╭─ LISTED RECORDS
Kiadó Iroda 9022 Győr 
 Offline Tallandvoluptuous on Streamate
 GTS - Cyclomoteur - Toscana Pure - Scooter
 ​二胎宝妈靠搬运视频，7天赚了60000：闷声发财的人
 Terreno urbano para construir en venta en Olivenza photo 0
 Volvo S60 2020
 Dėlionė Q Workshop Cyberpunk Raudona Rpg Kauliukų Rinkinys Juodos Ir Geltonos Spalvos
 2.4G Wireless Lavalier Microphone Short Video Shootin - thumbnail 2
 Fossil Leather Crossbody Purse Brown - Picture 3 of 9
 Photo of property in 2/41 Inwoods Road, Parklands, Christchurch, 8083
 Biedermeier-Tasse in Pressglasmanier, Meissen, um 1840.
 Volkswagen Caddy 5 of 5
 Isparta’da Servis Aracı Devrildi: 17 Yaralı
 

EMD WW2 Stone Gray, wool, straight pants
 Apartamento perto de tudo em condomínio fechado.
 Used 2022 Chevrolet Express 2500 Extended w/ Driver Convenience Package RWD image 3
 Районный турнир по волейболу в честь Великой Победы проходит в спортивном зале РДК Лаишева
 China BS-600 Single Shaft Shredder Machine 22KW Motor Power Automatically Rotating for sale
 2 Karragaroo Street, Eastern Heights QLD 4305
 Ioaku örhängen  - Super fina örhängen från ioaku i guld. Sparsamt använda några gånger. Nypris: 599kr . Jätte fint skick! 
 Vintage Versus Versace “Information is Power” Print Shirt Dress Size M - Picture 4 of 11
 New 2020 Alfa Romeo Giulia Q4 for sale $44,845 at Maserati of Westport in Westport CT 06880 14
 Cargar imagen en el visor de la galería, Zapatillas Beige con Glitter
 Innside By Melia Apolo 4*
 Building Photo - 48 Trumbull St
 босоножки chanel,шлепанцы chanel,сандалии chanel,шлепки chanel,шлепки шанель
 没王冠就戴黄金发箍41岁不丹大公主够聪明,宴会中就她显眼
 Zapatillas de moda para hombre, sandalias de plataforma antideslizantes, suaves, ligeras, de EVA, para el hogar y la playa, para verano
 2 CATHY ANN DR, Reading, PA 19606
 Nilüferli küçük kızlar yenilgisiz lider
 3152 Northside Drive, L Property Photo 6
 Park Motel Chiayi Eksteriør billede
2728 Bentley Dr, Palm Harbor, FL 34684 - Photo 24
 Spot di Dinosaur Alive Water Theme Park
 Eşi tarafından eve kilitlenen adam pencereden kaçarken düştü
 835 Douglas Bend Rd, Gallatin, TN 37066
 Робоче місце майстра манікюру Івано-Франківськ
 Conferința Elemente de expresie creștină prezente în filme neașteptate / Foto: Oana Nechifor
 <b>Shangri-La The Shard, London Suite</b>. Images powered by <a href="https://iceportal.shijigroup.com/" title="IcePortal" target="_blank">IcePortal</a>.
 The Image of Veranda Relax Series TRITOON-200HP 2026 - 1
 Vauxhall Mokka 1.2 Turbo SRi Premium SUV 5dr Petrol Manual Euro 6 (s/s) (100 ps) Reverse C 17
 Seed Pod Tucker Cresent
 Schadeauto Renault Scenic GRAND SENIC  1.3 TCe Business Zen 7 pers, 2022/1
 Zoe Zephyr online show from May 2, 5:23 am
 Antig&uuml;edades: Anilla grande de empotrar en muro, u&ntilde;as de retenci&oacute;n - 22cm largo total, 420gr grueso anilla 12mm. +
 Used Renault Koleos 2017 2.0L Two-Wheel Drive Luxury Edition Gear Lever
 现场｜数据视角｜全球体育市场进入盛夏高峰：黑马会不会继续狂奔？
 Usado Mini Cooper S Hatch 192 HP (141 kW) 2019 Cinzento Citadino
╰─
• [ASSIGNMENT]: Retype all of the material exactly as it stands above.

• [ANSWER TO THIS PROBLEM]:
Kiadó Iroda 9022 Győr 
 Offline Tallandvoluptuous on Streamate
 GTS - Cyclomoteur - Toscana Pure - Scooter
 ​二胎宝妈靠搬运视频，7天赚了60000：闷声发财的人
 Terreno urbano para construir en venta en Olivenza photo 0
 Volvo S60 2020
 Dėlionė Q Workshop Cyberpunk Raudona Rpg Kauliukų Rinkinys Juodos Ir Geltonos Spalvos
 2.4G Wireless Lavalier Microphone Short Video Shootin - thumbnail 2
 Fossil Leather Crossbody Purse Brown - Picture 3 of 9
 Photo of property in 2/41 Inwoods Road, Parklands, Christchurch, 8083
 Biedermeier-Tasse in Pressglasmanier, Meissen, um 1840.
 Volkswagen Caddy 5 of 5
 Isparta’da Servis Aracı Devrildi: 17 Yaralı
 

EMD WW2 Stone Gray, wool, straight pants
 Apartamento perto de tudo em condomínio fechado.
 Used 2022 Chevrolet Express 2500 Extended w/ Driver Convenience Package RWD image 3
 Районный турнир по волейболу в честь Великой Победы проходит в спортивном зале РДК Лаишева
 China BS-600 Single Shaft Shredder Machine 22KW Motor Power Automatically Rotating for sale
 2 Karragaroo Street, Eastern Heights QLD 4305
 Ioaku örhängen  - Super fina örhängen från ioaku i guld. Sparsamt använda några gånger. Nypris: 599kr . Jätte fint skick! 
 Vintage Versus Versace “Information is Power” Print Shirt Dress Size M - Picture 4 of 11
 New 2020 Alfa Romeo Giulia Q4 for sale $44,845 at Maserati of Westport in Westport CT 06880 14
 Cargar imagen en el visor de la galería, Zapatillas Beige con Glitter
 Innside By Melia Apolo 4*
 Building Photo - 48 Trumbull St
 босоножки chanel,шлепанцы chanel,сандалии chanel,шлепки chanel,шлепки шанель
 没王冠就戴黄金发箍41岁不丹大公主够聪明,宴会中就她显眼
 Zapatillas de moda para hombre, sandalias de plataforma antideslizantes, suaves, ligeras, de EVA, para el hogar y la playa, para verano
 2 CATHY ANN DR, Reading, PA 19606
 Nilüferli küçük kızlar yenilgisiz lider
 3152 Northside Drive, L Property Photo 6
 Park Motel Chiayi Eksteriør billede
2728 Bentley Dr, Palm Harbor, FL 34684 - Photo 24
 Spot di Dinosaur Alive Water Theme Park
 Eşi tarafından eve kilitlenen adam pencereden kaçarken düştü
 835 Douglas Bend Rd, Gallatin, TN 37066
 Робоче місце майстра манікюру Івано-Франківськ
 Conferința Elemente de expresie creștină prezente în filme neașteptate / Foto: Oana Nechifor
 <b>Shangri-La The Shard, London Suite</b>. Images powered by <a href="https://iceportal.shijigroup.com/" title="IcePortal" target="_blank">IcePortal</a>.
 The Image of Veranda Relax Series TRITOON-200HP 2026 - 1
 Vauxhall Mokka 1.2 Turbo SRi Premium SUV 5dr Petrol Manual Euro 6 (s/s) (100 ps) Reverse C 17
 Seed Pod Tucker Cresent
 Schadeauto Renault Scenic GRAND SENIC  1.3 TCe Business Zen 7 pers, 2022/1
 Zoe Zephyr online show from May 2, 5:23 am
 Antig&uuml;edades: Anilla grande de empotrar en muro, u&ntilde;as de retenci&oacute;n - 22cm largo total, 420gr grueso anilla 12mm. +
 Used Renault Koleos 2017 2.0L Two-Wheel Drive Luxury Edition Gear Lever
 现场｜数据视角｜全球体育市场进入盛夏高峰：黑马会不会继续狂奔？
 Usado Mini Cooper S Hatch 192 HP (141 kW) 2019 Cinzento Citadino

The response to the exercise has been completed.